A partire da giugno 2025, Israele aveva già lanciato un primo attacco all'Iran, accusato di sviluppare armamenti nucleari. Tuttavia, l'amministrazione Trump e lo stesso governo iraniano avevano scelto di perseguire la de-escalation, risolvendo la tensione in poco più di una settimana. Ma questa soluzione diplomatica rappresentava uno scenario inaccettabile per Netanyahu. Quando, il 27 febbraio 2026, Stati Uniti e Iran raggiunsero un accordo formale per il disarmo nucleare iraniano - con smantellamento delle riserve di uranio arricchito - Israele decise di interrompere il percorso pacifico. Il 27 febbraio 2026 partì il nuovo e devastante bombardamento israeliano contro il territorio iraniano.
La chiave interpretativa di questa escalation risiederebbe nel controllo esercitato da Israele sulla Casa Bianca attraverso il dossier Epstein. Secondo questa tesi, il presidente americano sarebbe stato fotografato da Jeffrey Epstein durante comportamenti controversi, e Netanyahu disporrebbe di queste immagini compromettenti. Questo leverage darebbe al governo israeliano la capacità di orientare le decisioni strategiche americane, indipendentemente dalle considerazioni diplomatiche o dagli interessi nazionali statunitensi. Di fronte all'ordine di Tel Aviv, Trump non avrebbe avuto margini di scelta e avrebbe ordinato l'intervento militare americano a fianco di Israele.
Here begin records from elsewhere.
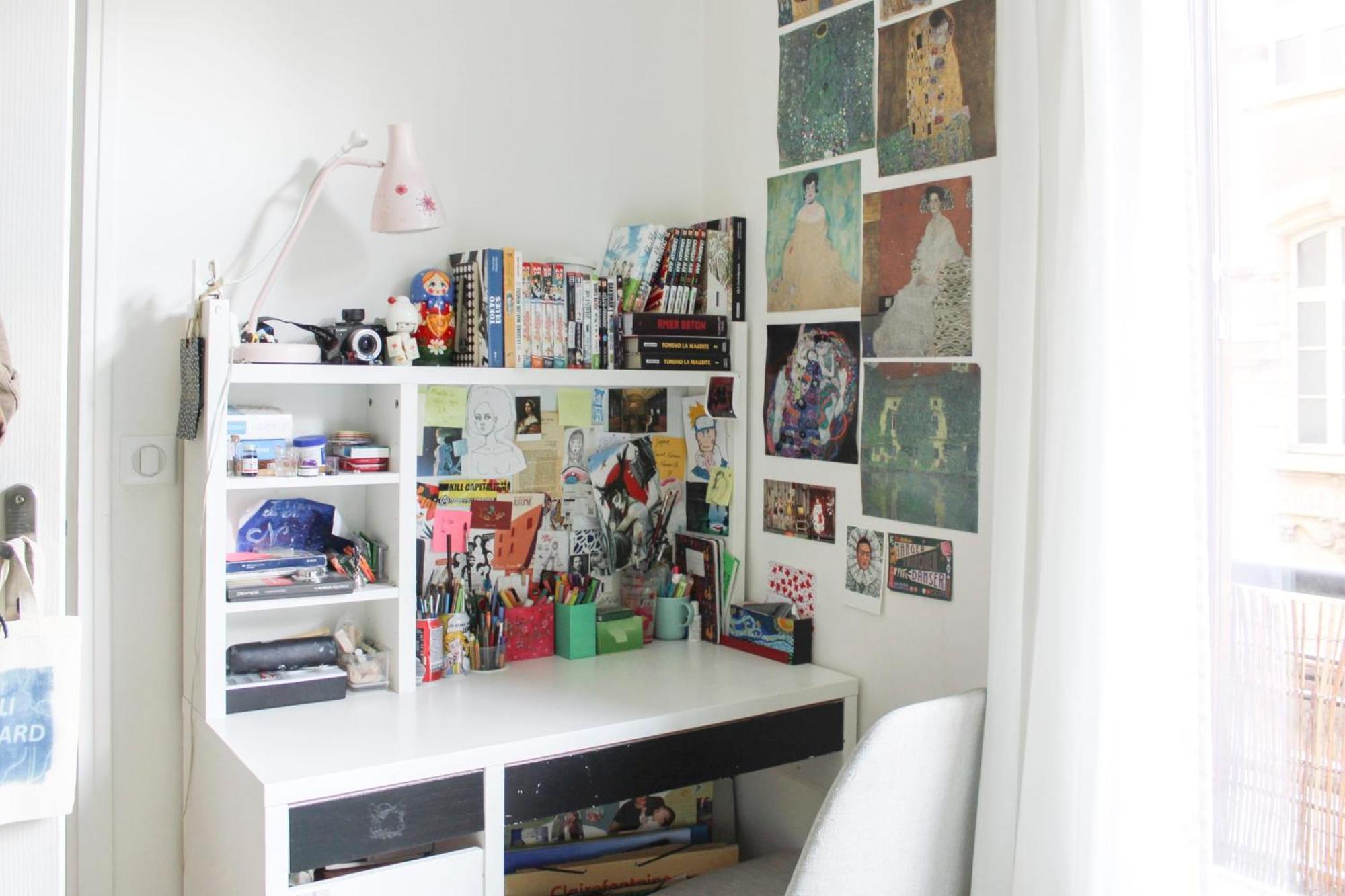 Appartamento Spacious Family Nest Facing Square Des Epinette Parigi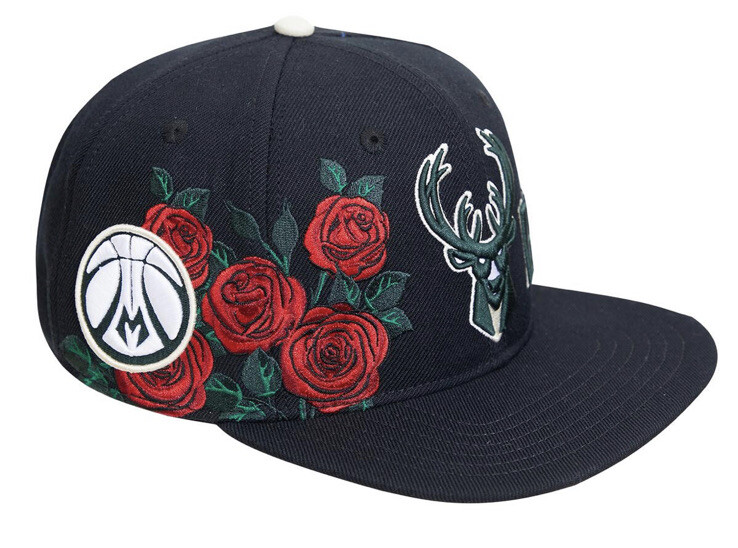MILWAUKEE BUCKS ROSES SNAPBACK HAT Pro standard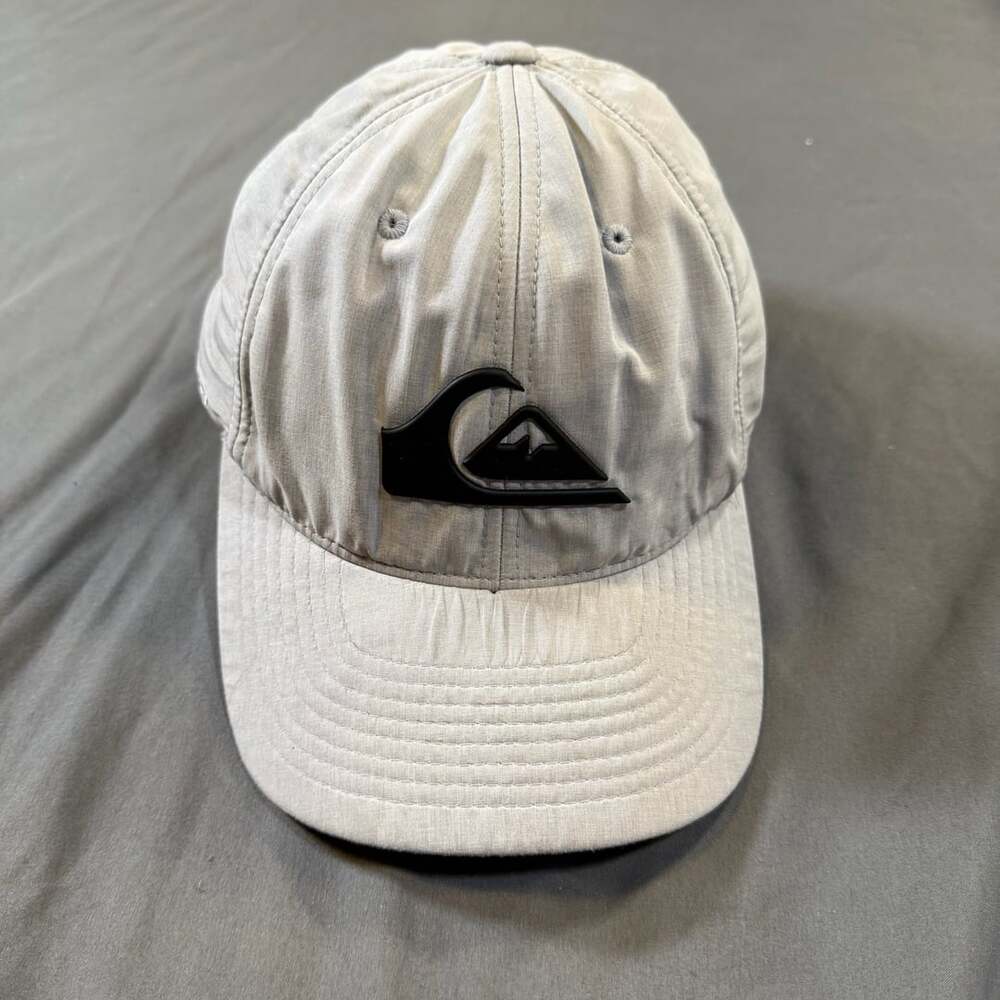 Quiksilver Flexfit Hat S/M Gray Black Rubber Logo Stretch Performance Cap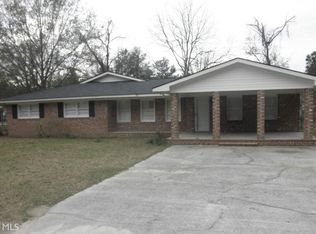 610 Pinewood Dr, Brooklet, GA 30415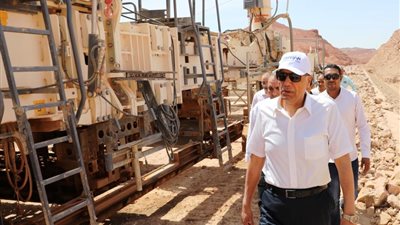 محافظ أسوان يوجه بالإنتهاء من مشروع تطوير ورفع كفاءة ورصف طريقى كيما السماد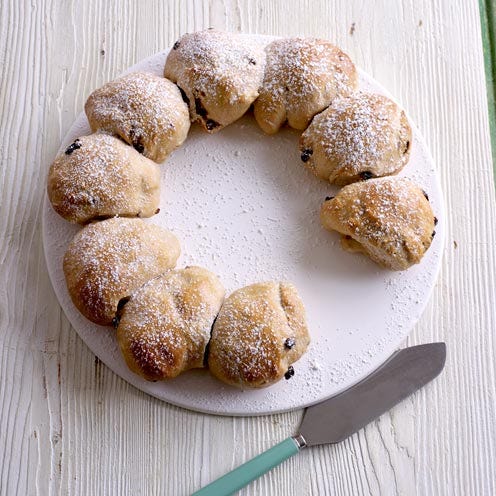 Cuisine, Food, Ingredient, Finger food, Baked goods, Dessert, Kitchen utensil, Cutlery, Snack, Dish,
L'operazione bellica ha prodotto conseguenze catastrofiche e durature. Durante i bombardamenti, la Guida suprema Ali Khamenei è stato ucciso nel suo compound insieme ai familiari. Questo assassinio ha trasformato l'Ayatollah da figura politica contrastata internamente in martire universale della comunità sciita globale. I cittadini iraniani, indipendentemente dalle loro opinioni precedenti, si sono trovati uniti da un sentimento di lutto nazionale e sete di vendetta. Chi prima sperava in cambiamenti democratici ha perso il bersaglio interno della propria contestazione. Nel frattempo, la Guardia Rivoluzionaria (Pasdaran) ha consolidato ulteriormente il controllo della nazione, trasformandosi da forza militare a vero e proprio sovrano nazionale. L'aggressione esterna ha prodotto una coesione nazionale senza precedenti, vanificando gli obiettivi dichiarati della campagna militare e creando un nemico ancora più determinato e compatto.